Occorre un certo allenamento per poter rintracciare, quindi, il nucleo dei significati base riconducibili alle intenzioni dell’autore. Così il giorno della prova di maturità davanti al dossier fornito dalla traccia del saggio breve ci si deve fermare a lungo, leggere attentamente per cogliere nessi e relazioni tra i documenti, intuire possibili percorsi da praticare e da arricchire con personali conoscenze.
Il compito di chi scrive è innanzitutto quello di confrontarsi con le idee di chi ha scritto e qui si misura il valore, la “maturità”. E in fondo è una sfida affascinante, direi un divertimento: ascoltare le idee degli altri, prendere quelle che più ci convincono o emozionano e farle nostre, criticare quelle che non condividiamo, trovare nuove idee e parole per esprimere il nostro pensiero.

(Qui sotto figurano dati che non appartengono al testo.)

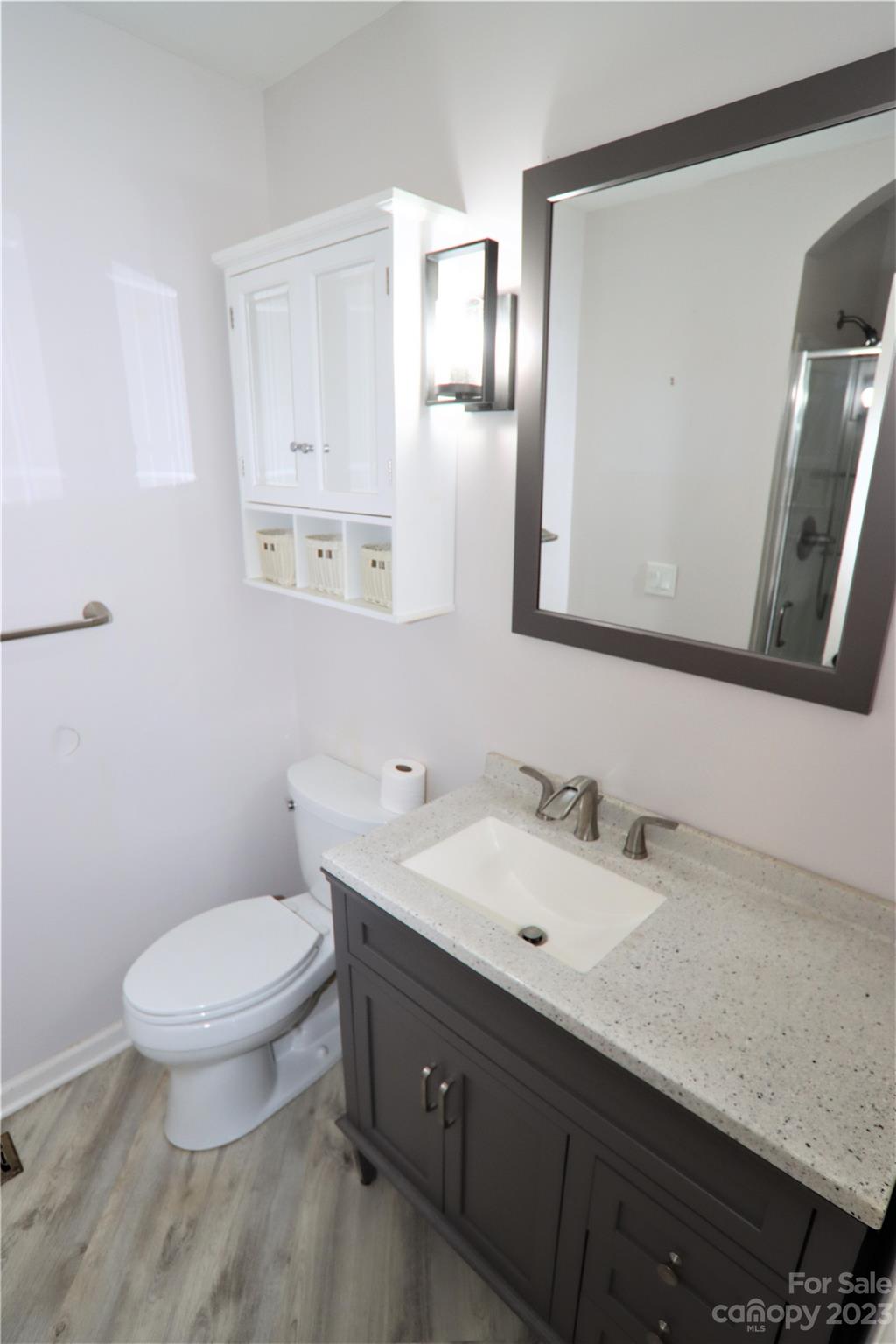 12725 Mooresville Road Mount Ulla, NC 28125 - Photo 19 of 23 a bathroom with a granite countertop toilet sink and mirror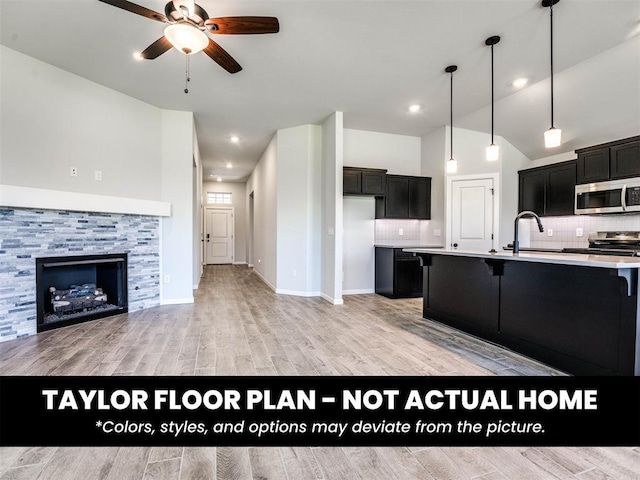 2508 Marsh Ln, Midwest City, OK 73130 - kitchen with stainless steel microwave, ceiling fan, dark cabinets, decorative backsplash, and light wood-type flooring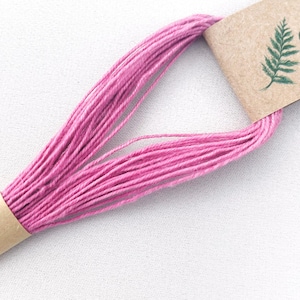 May include: A bundle of vibrant pink embroidery thread looped and secured by two brown paper bands. One band features a small, detailed green fern leaf illustration printed on its surface, providing a natural accent to the bright pink fibre.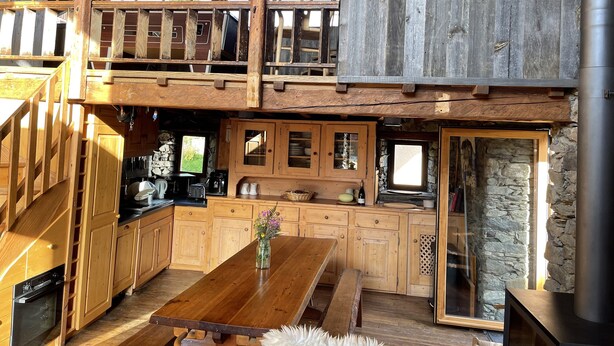 A rustic cabin with a wooden dining area, kitchen with stone walls, and a loft bedroom with a wooden railing. - Savoyard Chalet Authentic (Saint-Martin de Belleville)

Quando si è capaci di pensare sensatamente e autonomamente si è maturi. Scrivere significa innanzitutto pensare. Il che non si risolve in un mero raziocinio ma implica il coinvolgimento dell’intera capacità affettiva, tanto più se si ragiona di letteratura, dove ogni vero incontro tra lettore e opera è “esperienza di sé nell’esperienza dell’altro” (H. R. Jauss).